> Pandas does is notoriously hard to fit into a compile-time type system What, m...

qsort · on April 22, 2022

Not hard per se, but extremely unergonomic.

A pandas dataframe types to something like Iterable[SomeKindOfProductType[int, str, str, ... (78 other columns)]]. The formal type of a dataframe in the middle of a transformation is... not very useful to know.

smallerfish · on April 22, 2022

You wouldn't typically type tabular data in any language. Give it (at most) a DataFrame<StoreTransaction> type if you must, where StoreTransaction describes the structure of a row - maybe declaring only columns that model generation code was doing typed operations on (e.g. numerics vs strings) to avoid the need for reflection.

bayesian_horse · on April 22, 2022

Either you type the tabular data at compile time or you don't get type checking of tabular data at compile time.

The number and types of the columns aren't necessarily known at compile time. Which leads to runtime errors. Even in a statically typed language, such dataframes are a kind of "dynamic typing escape hatch". As complexity of a software increases, such mechanismus of dynamic typing and throwing runtime errors creep up all over the place.

smallerfish · on April 22, 2022

Sure. If you're dealing with untyped data at runtime you can't type it at compile time.
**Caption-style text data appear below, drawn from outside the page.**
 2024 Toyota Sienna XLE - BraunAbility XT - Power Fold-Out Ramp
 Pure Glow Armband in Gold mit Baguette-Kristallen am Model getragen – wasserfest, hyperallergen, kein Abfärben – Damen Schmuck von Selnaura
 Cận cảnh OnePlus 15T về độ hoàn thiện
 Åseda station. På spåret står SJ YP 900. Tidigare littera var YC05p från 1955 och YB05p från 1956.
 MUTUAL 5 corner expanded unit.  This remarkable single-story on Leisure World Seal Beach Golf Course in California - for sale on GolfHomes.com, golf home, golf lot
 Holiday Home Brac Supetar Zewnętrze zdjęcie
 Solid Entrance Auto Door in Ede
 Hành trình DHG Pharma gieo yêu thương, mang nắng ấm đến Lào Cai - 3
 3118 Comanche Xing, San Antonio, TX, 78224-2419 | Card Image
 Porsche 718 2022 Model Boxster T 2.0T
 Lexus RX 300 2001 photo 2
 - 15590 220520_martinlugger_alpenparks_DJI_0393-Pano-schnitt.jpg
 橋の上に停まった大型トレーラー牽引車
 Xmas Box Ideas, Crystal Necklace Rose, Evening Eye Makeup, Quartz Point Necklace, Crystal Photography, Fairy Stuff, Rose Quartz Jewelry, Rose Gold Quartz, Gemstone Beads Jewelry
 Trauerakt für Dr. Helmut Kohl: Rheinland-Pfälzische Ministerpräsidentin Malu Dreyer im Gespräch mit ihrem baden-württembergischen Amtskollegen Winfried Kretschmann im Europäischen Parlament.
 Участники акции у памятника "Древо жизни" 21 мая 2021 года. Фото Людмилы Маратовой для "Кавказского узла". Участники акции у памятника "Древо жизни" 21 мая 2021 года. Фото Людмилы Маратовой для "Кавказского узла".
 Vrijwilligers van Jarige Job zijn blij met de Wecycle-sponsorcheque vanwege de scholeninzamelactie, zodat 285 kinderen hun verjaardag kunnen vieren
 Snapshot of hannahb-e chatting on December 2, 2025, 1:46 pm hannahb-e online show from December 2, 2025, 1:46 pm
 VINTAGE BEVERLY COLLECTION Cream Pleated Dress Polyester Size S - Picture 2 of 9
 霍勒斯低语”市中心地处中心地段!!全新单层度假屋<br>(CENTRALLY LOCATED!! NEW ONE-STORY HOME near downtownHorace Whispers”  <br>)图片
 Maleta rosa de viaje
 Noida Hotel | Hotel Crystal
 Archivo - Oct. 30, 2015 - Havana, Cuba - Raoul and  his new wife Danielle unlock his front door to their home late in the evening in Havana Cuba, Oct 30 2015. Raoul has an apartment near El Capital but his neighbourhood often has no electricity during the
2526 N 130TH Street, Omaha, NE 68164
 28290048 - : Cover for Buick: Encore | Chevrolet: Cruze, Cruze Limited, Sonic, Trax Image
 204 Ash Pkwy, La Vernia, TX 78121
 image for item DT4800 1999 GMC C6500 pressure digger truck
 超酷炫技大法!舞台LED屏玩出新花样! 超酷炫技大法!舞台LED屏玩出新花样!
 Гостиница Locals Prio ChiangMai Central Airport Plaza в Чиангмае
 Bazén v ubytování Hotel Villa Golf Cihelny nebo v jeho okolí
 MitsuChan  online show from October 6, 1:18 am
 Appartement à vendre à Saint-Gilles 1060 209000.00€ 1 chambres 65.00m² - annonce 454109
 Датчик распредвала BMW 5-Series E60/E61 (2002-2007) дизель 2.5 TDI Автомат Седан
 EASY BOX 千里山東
Not a new issue, and handled all the time in otherwise typed languages.

int_19h · on April 23, 2022

It's not very useful to type, but that's why we have type inference.

It's certainly very useful to know, even if that knowledge is indirect via the type of the resulting dataframe after all the transforms.

bayesian_horse · on April 23, 2022

From dabbling in F# I have a feeling such "information" would be somewhat more annoying than useful.